AMHERST, Mass. – Ongoing worldwide research of diverse populations by an international team of scientists, including a University of Massachusetts Amherst genetic epidemiologist, has shed important new light on how genes contribute to type 2 diabetes.
The study was published Thursday, May 12, in Nature Genetics. “Our findings matter because we’re moving toward using genetic scores to weigh up a person’s risk of diabetes,” says co-author Cassandra Spracklen, assistant professor of biostatistics and epidemiology in the UMass Amherst School of Public Health and Health Sciences.

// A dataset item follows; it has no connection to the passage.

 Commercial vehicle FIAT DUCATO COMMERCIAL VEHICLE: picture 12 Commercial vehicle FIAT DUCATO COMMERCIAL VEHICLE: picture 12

The meta-analysis by the DIAMANTE (DIAbetes Meta-ANalysis of Trans-Ethnic association studies) Consortium of 122 different genome-wide association studies (GWAS) was co-led by Andrew Morris, professor of statistical genetics at The University of Manchester, and University of Oxford professors Mark McCarthy and Anubha Mahajan.
“The global prevalence of type 2 diabetes, a life-changing disease, has quadrupled over the last 30 years, affecting approximately 392 million people in 2015,” Morris says.
The research is a major step toward the ultimate goal of identifying novel genes and understanding the biology of the disease, which has the potential to help scientists develop new treatments.
It is also an important milestone in the development of “genetic risk scores” to identify individuals who are more predisposed to develop type 2 diabetes, regardless of their population background.
The meta-analysis compared the DNA of almost 181,000 people with type 2 diabetes against 1.16 million people who didn’t have the disease. Searching across the entire human genome for sets of genetic markers called single nucleotide polymorphisms, or SNPs, genome-wide association studies look for genetic differences between people with and without a disease.
The technique allows scientists to zero in on parts of the genome involved in disease risk, which helps pinpoint the genes that cause the disease.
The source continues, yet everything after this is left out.